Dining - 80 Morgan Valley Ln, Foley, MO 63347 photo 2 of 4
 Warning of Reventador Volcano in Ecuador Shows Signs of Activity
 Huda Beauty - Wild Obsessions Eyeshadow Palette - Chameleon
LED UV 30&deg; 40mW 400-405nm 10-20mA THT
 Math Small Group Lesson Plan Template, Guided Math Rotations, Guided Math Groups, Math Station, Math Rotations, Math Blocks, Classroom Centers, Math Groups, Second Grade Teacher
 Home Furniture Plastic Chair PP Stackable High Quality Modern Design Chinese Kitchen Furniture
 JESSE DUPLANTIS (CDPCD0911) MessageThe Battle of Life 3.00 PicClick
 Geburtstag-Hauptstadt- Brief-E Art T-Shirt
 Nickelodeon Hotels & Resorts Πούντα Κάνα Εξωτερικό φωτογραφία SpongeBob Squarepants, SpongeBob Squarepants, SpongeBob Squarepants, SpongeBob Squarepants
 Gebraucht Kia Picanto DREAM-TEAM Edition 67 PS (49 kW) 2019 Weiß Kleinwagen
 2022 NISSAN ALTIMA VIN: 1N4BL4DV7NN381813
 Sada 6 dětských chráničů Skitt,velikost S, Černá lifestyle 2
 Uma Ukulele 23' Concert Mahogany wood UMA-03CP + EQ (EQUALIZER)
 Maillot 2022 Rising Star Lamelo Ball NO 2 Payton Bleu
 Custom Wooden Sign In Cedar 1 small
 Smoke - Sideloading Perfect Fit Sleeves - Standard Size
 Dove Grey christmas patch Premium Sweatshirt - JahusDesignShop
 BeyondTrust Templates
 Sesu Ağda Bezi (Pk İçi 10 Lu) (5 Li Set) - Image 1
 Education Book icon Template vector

* * *

§ Aim of the exercise: The output should match the records above exactly, entry for entry.

§ Reply to the task:
Dining - 80 Morgan Valley Ln, Foley, MO 63347 photo 2 of 4
 Warning of Reventador Volcano in Ecuador Shows Signs of Activity
 Huda Beauty - Wild Obsessions Eyeshadow Palette - Chameleon
LED UV 30&deg; 40mW 400-405nm 10-20mA THT
 Math Small Group Lesson Plan Template, Guided Math Rotations, Guided Math Groups, Math Station, Math Rotations, Math Blocks, Classroom Centers, Math Groups, Second Grade Teacher
 Home Furniture Plastic Chair PP Stackable High Quality Modern Design Chinese Kitchen Furniture
 JESSE DUPLANTIS (CDPCD0911) MessageThe Battle of Life 3.00 PicClick
 Geburtstag-Hauptstadt- Brief-E Art T-Shirt
 Nickelodeon Hotels & Resorts Πούντα Κάνα Εξωτερικό φωτογραφία SpongeBob Squarepants, SpongeBob Squarepants, SpongeBob Squarepants, SpongeBob Squarepants
 Gebraucht Kia Picanto DREAM-TEAM Edition 67 PS (49 kW) 2019 Weiß Kleinwagen
 2022 NISSAN ALTIMA VIN: 1N4BL4DV7NN381813
 Sada 6 dětských chráničů Skitt,velikost S, Černá lifestyle 2
 Uma Ukulele 23' Concert Mahogany wood UMA-03CP + EQ (EQUALIZER)
 Maillot 2022 Rising Star Lamelo Ball NO 2 Payton Bleu
 Custom Wooden Sign In Cedar 1 small
 Smoke - Sideloading Perfect Fit Sleeves - Standard Size
 Dove Grey christmas patch Premium Sweatshirt - JahusDesignShop
 BeyondTrust Templates
 Sesu Ağda Bezi (Pk İçi 10 Lu) (5 Li Set) - Image 1
 Education Book icon Template vector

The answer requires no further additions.